Constructive and collaborative planning theory has exposed the perceived limitations of public participation in impact assessment. At strategic levels of assessment the established norm can be misleading and practice is illusive. For example, debates on SEA effectiveness recognize insufficiencies, but are often based on questionable premises. The authors of this paper argue that public participation in strategic assessment requires new forms of information and engagement, consistent with the complexity of the issues at these levels and that strategic assessments can act as knowledge brokerage instruments with the potential to generate more participative environments and attitudes. The paper explores barriers and limitations, as well as the role of knowledge brokerage in stimulating the engagement of the public, through learning-oriented processes and responsibility sharing in more participative models of governance. The paper concludes with a discussion on building and inter-change of knowledge, towards creative solutions to identified problems, stimulating learning processes, largely beyond simple information transfer mechanisms through consultative processes. The paper argues fundamentally for the need to conceive strategic assessments as learning platforms and design knowledge brokerage opportunities explicitly as a means to enhance learning processes and power sharing in IA.

Highlights

► Debates on SEA recognize insufficiencies on public participation ► We propose new forms of engagement consistent with complex situations at strategic levels of decision-making ► Constructive and collaborative planning theories help explain how different actors acquire knowledge and the value of knowledge exchange ► Strategic assessments can act as knowledge brokerage instruments ► The paper argues for strategic assessments as learning platforms as a means to enhance learning processes and power sharing in IA.

Introduction

In the early days Impact Assessment (IA) instruments were conceived to be analytical and technical-oriented instruments, designed to deliver information to decision-making on the potential effects of certain actions on the environment. The institutionalization of IA was needed to ensure effectiveness in implementation, and better and continued practice through the adoption of common rules and normative approaches. But this was also a form of changing practices of power sharing in development decision-making. With IA decisions on development actions were no longer the prerogative of action proponents and sector licensing authorities, but they became also dependent on environmental responsible authorities that would ensure environmental issues would be integrated at early stages. Paradoxically, in some jurisdictions, this changing practice may have led to power being shifted from one elite to another, rather than actual power sharing, in particular where the environmental authorities’ views and position became binding, making the IA process dependent on the IA decision. Generally the engagement of civil society in this IA power sharing versus shifting has been very limited, public participation often being limited to punctual consultation and performed as part of a legal obligation. Only in more recent years has the value of public participation to environmental decision-making been more widely recognized (Diduck, 2001, Fitzpatrick, 2006, Fitzpatrick and Sinclair, 2003, Juntti et al., 2009, Raymond et al., 2010, Sinclair et al., 2008) and the importance of public space and capacities for engagement received greater attention (e.g. Elling, 2009, Habermas, 1989, Stirling, January 2006).

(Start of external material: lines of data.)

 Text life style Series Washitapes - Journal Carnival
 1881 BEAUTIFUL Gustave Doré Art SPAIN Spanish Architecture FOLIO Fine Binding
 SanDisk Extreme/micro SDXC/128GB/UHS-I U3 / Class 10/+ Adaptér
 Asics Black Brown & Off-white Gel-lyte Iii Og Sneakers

Over the same timescale the issue of governance has become more prominent, i.e. we talk not just of governments governing but of ‘governance’ in recognition that decision-making is undertaken by a range of actors – governments, economic actors/markets, IA consultants, lawyers, civil society, scientists increasingly working in networks and collaborations - along with norms, rights and responsibilities influencing the way decisions are made. A number of driving forces have increased the need to engage the public more in environmental governance, as a response to globalization and the increasing internationalization of decision-making e.g. through the European Union (EU), World Trade Organization (WTO), United Nations (UN) among others. It could seem strange that the public's involvement becomes more important as decision-making becomes less local and more distant; however that is justified by the risk of democratic deficit and loss of accountability without more active means of engaging citizens in decision-making beyond the electoral cycle (van Kersbergen and van Waarden, 2004).

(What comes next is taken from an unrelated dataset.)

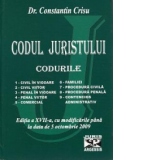 Codul juristului.Codurile (editia17-a cu modificarile pana la data de 5 octombrie 2009)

This inclusion of citizens in decision-making also reflects the increasing recognition of the value of knowledge other than expert knowledge to decision-making. We refer to tacit (implicit) or lay knowledge (Polanyi, 1958), arising from concrete experience and active experimentation, especially when issues are contested as is often the case in relation to environmental and sustainability problems. Public involvement is increasingly becoming institutionalized through IA legislation such as the EIA and SEA Directives in the EU, and importantly by the UNECE Aarhus Convention on Access to Information, Public Participation and Access to Justice in Environmental Matters (Sheate, 2012, UNECE, 1998).

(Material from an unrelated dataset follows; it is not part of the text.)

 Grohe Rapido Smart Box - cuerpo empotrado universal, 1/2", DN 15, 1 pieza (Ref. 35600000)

Notwithstanding the above developments, the perception, and practice, of IA as an informative instrument based on experts’ knowledge, and how it is verified or shown to be ‘true’, is still often dominant. Limited investment – beyond formal consultation - has tended to be made in the IA process or the consideration of societal values and perceptions. However, recent thinking (e.g. Cashmore et al., 2008, Fischer et al., 2009, Jha-Thakur et al., 2009, Owens et al., 2004, Partidario, 2009, Runhaar, 2009, Runhaar and Driessen, 2007) increasingly shows that the effective role of IA is likely to be stronger if it performs as a socio-political, rather than simply informative, knowledge-based instrument. This recognition is motivated by two fundamental reasons:

  • i)

    The causes of negative impacts are often a consequence of improper communication between proponents and authorities, insufficient attention to societal values and consequently deficient understanding and implementation of IA outcomes; and

  • ii)

    The engagement of stakeholders in IA processes has considerable possibilities for improvement as long as stakeholders are made part of the process and not used only as a checking mechanism. The institutionalization of IA is in part, and paradoxically (given its current weak practice), responsible for this encouraging shift in perception.

This paper explores the relevance of knowledge brokerage approaches in strategic assessment as a mechanism to increase capacities and shared power in IA processes. Within the constraints of the paper it is taken as given that more participatory spaces may make for better knowledge exchange (Habermas, 1989, Stirling, January 2006). We are interested specifically in knowledge brokerage, however, rather than the rationales for public participation per se. Knowledge brokerage is understood here as a mechanism for transferring research evidence into policy and practice (Ward et al., 2009), and as a way of breaking down barriers that impede interaction, healthy communication and collaboration (Sheate & Partidario, 2010). Through knowledge sharing and exchange, mutual learning processes can be stimulated, increasing the potential to build capacity among stakeholders and improve outcomes. These gain considerable relevance within learning theories and constructivist approaches, as a view of learning based on the belief that knowledge is not something that can be simply given by an expert to a group of stakeholders, as apparently advocated by some authors (Michaels, 2009, Weaver et al., 2008). Rather, knowledge is constructed by learners through an active, mental process of development; learners are the builders and creators of meaning and knowledge (Colliver, 2002).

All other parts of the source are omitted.